> **EXERCISE AIM**:
Reproduce the records below exactly, but only between the lines holding "Ceramic Squirrel with" and "ranch-style house featuring", inclusive.

Items listed in a dataset:
Start of Block

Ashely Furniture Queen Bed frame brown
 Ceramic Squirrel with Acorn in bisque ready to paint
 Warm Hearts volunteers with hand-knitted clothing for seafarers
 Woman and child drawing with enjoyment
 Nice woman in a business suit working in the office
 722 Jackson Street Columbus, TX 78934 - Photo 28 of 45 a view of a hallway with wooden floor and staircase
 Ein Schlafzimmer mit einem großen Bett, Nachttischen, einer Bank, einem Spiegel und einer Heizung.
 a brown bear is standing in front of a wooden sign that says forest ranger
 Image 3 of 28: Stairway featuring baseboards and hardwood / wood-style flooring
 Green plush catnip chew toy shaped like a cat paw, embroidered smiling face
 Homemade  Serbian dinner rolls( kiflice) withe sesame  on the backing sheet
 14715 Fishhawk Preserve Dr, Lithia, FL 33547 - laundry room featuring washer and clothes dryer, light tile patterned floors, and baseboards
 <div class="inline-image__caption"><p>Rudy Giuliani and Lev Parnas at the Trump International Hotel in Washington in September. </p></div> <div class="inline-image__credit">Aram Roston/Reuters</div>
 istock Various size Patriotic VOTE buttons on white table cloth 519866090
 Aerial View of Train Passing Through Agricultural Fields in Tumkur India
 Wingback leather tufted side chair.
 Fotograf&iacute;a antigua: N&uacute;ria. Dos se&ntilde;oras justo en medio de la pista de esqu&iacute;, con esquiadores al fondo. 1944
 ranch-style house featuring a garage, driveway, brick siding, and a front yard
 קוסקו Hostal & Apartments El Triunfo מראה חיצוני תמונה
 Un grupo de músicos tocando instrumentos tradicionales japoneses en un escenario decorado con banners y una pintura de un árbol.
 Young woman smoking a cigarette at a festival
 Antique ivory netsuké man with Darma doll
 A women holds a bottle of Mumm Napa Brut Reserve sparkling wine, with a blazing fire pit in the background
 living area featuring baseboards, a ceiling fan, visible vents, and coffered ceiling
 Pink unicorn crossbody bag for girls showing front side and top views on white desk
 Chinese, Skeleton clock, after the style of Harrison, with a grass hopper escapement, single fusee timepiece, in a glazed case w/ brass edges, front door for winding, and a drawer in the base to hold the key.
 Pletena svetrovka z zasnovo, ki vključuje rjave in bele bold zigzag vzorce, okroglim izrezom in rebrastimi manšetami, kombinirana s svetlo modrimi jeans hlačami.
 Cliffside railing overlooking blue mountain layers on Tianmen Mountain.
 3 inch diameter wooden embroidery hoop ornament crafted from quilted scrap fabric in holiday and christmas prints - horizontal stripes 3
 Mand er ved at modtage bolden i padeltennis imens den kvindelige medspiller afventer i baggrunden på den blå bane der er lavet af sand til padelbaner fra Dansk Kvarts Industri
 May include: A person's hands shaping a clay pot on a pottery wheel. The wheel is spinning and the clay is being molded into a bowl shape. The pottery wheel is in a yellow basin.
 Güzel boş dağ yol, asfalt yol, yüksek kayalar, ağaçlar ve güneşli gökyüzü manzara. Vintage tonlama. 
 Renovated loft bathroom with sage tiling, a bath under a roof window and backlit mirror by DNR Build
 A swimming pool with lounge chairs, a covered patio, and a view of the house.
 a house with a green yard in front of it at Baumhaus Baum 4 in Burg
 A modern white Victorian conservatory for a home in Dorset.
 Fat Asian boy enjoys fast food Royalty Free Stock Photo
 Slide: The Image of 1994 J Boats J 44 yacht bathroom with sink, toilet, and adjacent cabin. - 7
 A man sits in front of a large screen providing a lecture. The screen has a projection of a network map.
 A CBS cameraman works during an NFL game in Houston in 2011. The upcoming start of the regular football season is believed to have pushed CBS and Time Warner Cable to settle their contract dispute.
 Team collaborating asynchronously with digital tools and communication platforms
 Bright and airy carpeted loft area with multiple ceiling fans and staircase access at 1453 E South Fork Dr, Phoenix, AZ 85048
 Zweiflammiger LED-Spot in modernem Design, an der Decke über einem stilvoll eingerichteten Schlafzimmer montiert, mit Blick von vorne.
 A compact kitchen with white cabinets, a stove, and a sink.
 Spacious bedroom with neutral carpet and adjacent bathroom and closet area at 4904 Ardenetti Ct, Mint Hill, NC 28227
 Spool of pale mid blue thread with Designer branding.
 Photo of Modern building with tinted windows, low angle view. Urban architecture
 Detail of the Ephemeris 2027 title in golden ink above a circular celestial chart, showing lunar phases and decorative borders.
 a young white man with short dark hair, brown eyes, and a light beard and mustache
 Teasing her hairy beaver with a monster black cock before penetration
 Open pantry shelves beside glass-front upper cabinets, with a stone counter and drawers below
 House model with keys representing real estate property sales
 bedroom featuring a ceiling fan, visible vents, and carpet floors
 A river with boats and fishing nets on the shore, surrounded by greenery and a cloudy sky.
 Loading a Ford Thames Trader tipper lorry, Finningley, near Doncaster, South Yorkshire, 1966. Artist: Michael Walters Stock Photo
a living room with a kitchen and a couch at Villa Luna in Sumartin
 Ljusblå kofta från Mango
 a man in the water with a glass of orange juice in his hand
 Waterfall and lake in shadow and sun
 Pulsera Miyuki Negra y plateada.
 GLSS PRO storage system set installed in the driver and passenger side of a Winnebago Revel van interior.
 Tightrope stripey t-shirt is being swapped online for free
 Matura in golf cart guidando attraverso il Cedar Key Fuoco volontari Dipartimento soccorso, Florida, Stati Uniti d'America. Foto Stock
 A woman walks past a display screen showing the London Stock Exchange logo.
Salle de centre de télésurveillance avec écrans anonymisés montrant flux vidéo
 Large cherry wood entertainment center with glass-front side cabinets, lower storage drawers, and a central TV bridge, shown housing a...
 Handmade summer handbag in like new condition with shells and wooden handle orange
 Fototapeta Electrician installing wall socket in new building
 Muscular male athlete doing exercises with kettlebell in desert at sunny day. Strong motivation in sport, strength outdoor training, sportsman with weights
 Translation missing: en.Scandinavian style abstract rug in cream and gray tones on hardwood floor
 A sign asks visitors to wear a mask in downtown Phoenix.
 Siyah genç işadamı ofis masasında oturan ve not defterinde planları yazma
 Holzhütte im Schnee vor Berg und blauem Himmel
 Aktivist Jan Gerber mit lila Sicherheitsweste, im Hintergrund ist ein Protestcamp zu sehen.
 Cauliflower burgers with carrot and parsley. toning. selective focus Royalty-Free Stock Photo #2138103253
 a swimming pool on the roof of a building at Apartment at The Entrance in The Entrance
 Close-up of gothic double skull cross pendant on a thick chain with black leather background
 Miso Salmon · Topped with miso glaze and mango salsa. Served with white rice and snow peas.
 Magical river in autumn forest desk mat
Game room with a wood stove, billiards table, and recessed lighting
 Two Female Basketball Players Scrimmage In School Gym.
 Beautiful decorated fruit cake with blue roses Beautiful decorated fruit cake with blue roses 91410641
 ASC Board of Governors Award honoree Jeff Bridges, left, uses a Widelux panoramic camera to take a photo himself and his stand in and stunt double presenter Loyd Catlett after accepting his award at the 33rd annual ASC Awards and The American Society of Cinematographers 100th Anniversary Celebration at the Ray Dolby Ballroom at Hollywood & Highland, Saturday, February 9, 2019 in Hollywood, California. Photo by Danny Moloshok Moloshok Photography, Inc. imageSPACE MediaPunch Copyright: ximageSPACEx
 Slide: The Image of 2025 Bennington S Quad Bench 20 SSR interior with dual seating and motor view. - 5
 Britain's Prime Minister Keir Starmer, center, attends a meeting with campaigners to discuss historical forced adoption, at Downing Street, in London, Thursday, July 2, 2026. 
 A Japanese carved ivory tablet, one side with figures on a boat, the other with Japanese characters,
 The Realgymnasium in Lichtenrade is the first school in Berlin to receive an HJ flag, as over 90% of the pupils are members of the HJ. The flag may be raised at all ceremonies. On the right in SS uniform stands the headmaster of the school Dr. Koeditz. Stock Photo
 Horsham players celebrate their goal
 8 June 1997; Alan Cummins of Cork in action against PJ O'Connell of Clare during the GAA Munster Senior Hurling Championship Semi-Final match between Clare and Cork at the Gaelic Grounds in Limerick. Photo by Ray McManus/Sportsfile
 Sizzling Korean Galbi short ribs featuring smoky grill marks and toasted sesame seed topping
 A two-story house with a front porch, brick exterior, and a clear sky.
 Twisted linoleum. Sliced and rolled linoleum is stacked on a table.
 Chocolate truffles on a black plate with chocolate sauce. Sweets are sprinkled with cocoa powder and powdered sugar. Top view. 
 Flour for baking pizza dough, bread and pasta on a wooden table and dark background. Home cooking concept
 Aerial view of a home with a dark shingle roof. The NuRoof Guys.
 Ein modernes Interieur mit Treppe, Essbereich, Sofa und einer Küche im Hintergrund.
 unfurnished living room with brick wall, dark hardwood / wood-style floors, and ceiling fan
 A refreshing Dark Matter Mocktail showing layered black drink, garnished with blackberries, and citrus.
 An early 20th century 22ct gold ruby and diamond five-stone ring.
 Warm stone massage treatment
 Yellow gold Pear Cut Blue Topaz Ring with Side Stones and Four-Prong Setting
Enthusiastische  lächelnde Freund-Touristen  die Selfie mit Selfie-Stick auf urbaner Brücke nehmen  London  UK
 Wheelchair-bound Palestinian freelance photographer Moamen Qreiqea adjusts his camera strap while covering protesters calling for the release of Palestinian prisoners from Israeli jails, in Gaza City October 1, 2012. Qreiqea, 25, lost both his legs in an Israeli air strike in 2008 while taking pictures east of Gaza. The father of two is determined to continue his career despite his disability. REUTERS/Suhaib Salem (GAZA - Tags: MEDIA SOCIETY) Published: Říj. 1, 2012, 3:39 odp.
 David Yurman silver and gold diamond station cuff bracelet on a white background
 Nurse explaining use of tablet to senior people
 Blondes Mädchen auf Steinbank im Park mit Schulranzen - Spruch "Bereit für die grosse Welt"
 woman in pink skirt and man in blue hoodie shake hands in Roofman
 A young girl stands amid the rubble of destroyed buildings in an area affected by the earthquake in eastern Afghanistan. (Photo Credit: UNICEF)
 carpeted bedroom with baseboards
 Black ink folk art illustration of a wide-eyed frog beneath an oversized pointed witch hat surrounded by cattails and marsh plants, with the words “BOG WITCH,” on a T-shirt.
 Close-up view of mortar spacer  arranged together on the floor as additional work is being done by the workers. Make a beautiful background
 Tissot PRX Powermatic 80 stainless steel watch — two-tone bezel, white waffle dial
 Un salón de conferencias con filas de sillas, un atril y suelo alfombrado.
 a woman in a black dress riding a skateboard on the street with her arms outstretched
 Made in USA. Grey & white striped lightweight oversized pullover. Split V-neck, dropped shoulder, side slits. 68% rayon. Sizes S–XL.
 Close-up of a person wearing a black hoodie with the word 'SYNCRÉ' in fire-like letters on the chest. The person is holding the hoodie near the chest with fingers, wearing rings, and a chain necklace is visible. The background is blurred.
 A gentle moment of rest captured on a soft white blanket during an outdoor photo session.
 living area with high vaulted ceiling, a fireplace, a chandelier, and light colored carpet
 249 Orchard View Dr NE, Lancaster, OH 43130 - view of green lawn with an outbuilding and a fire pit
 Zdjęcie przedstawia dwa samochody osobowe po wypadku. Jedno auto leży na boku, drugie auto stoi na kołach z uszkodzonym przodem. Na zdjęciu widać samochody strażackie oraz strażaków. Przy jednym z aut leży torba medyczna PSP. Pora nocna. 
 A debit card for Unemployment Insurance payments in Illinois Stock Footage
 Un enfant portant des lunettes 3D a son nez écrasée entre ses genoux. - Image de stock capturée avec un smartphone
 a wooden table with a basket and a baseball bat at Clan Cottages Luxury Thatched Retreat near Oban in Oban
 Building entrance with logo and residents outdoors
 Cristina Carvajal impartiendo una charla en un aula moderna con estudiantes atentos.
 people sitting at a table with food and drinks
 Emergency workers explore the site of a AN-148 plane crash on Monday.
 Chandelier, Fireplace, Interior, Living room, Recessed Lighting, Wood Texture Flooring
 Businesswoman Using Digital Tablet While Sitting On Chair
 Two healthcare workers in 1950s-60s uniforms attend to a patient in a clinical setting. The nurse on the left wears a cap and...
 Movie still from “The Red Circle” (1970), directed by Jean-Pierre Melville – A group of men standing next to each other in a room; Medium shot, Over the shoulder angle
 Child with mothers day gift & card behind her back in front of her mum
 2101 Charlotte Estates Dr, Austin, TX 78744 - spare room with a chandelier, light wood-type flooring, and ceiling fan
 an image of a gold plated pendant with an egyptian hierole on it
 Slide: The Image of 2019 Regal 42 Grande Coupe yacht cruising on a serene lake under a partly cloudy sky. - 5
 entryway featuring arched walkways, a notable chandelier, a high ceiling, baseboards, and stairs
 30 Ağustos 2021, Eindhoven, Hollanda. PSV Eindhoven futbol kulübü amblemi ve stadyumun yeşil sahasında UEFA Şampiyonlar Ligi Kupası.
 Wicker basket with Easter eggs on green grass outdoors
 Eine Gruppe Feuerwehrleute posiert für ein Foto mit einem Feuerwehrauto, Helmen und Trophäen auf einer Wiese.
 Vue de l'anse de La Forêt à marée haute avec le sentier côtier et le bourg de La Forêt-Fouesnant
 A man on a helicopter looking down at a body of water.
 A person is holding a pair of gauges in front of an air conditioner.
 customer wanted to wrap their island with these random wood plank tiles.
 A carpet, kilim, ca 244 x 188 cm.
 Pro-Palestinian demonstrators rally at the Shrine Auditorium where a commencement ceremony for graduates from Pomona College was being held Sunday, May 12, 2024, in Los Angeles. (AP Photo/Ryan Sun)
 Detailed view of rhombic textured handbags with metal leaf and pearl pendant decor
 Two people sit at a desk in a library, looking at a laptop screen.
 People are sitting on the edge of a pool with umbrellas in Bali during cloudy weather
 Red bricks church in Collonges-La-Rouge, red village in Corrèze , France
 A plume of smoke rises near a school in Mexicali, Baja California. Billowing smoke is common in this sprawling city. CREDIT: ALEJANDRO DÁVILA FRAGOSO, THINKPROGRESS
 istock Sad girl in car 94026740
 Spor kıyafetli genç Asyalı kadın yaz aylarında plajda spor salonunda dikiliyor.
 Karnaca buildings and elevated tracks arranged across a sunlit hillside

End of Block

> **ANSWER TO THIS PROBLEM**:
 Ceramic Squirrel with Acorn in bisque ready to paint
 Warm Hearts volunteers with hand-knitted clothing for seafarers
 Woman and child drawing with enjoyment
 Nice woman in a business suit working in the office
 722 Jackson Street Columbus, TX 78934 - Photo 28 of 45 a view of a hallway with wooden floor and staircase
 Ein Schlafzimmer mit einem großen Bett, Nachttischen, einer Bank, einem Spiegel und einer Heizung.
 a brown bear is standing in front of a wooden sign that says forest ranger
 Image 3 of 28: Stairway featuring baseboards and hardwood / wood-style flooring
 Green plush catnip chew toy shaped like a cat paw, embroidered smiling face
 Homemade  Serbian dinner rolls( kiflice) withe sesame  on the backing sheet
 14715 Fishhawk Preserve Dr, Lithia, FL 33547 - laundry room featuring washer and clothes dryer, light tile patterned floors, and baseboards
 <div class="inline-image__caption"><p>Rudy Giuliani and Lev Parnas at the Trump International Hotel in Washington in September. </p></div> <div class="inline-image__credit">Aram Roston/Reuters</div>
 istock Various size Patriotic VOTE buttons on white table cloth 519866090
 Aerial View of Train Passing Through Agricultural Fields in Tumkur India
 Wingback leather tufted side chair.
 Fotograf&iacute;a antigua: N&uacute;ria. Dos se&ntilde;oras justo en medio de la pista de esqu&iacute;, con esquiadores al fondo. 1944
 ranch-style house featuring a garage, driveway, brick siding, and a front yard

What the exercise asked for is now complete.